■ Problem description
The output is the line containing "Handmade Pendant by" plus every later line down to the end of the listing below, copied exactly. No pictures belong in it.

■ Collected data
═══
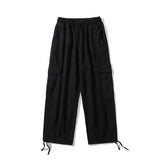Mens Fall Outfits Straight Wide-Leg Pants Bloomers Men's Ankle-Tied Cargo Overalls BF Style High Street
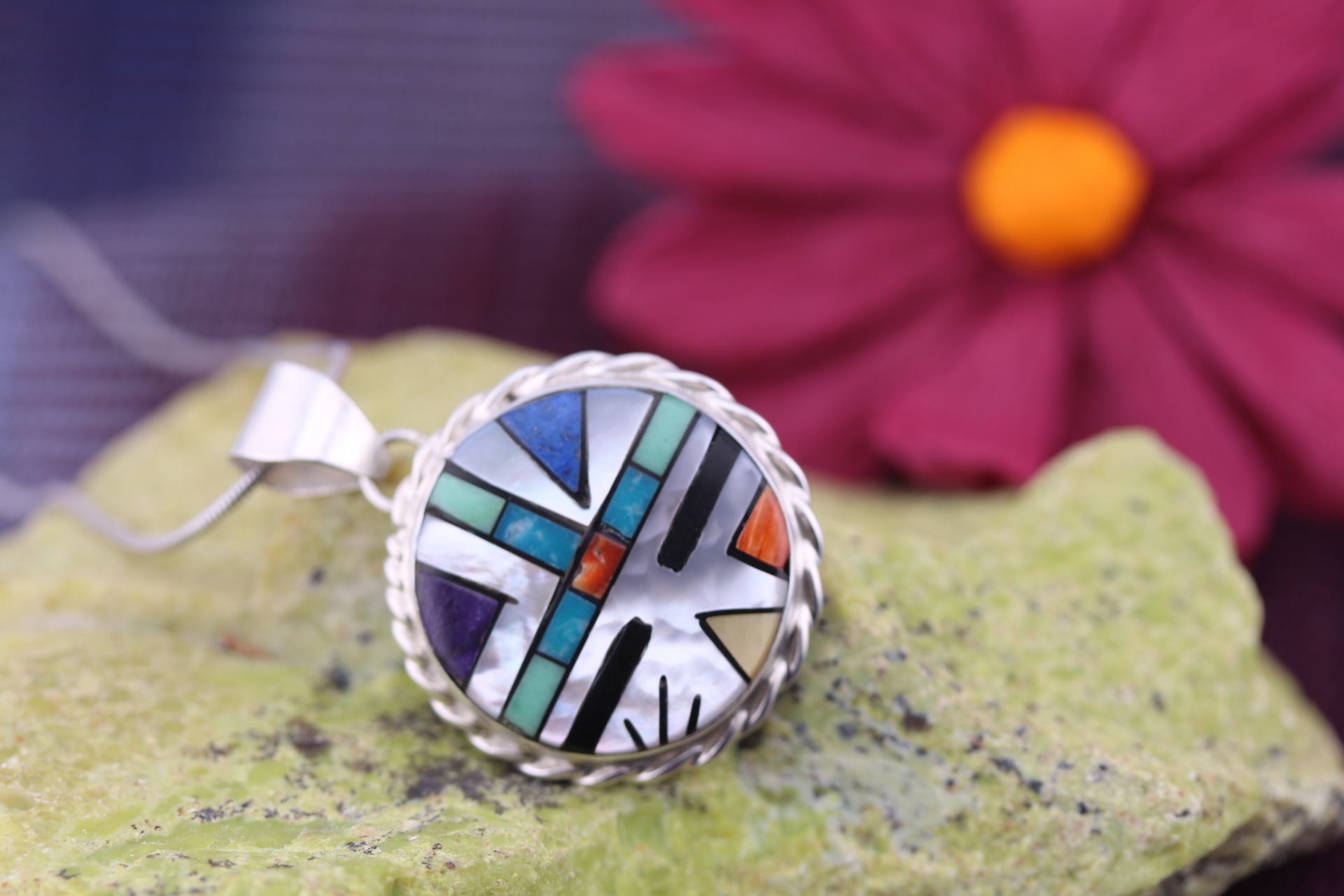 Handmade Pendant by Native American Zuni Pueblo Artist Bevis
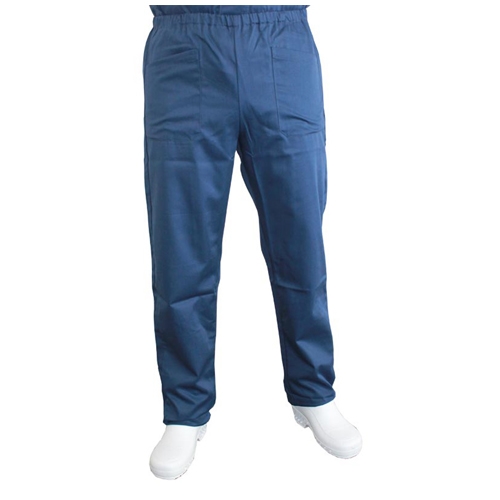 Blue cotton blend trousers - S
═══
■ Solution to this task
 Handmade Pendant by Native American Zuni Pueblo Artist Bevis
 Blue cotton blend trousers - S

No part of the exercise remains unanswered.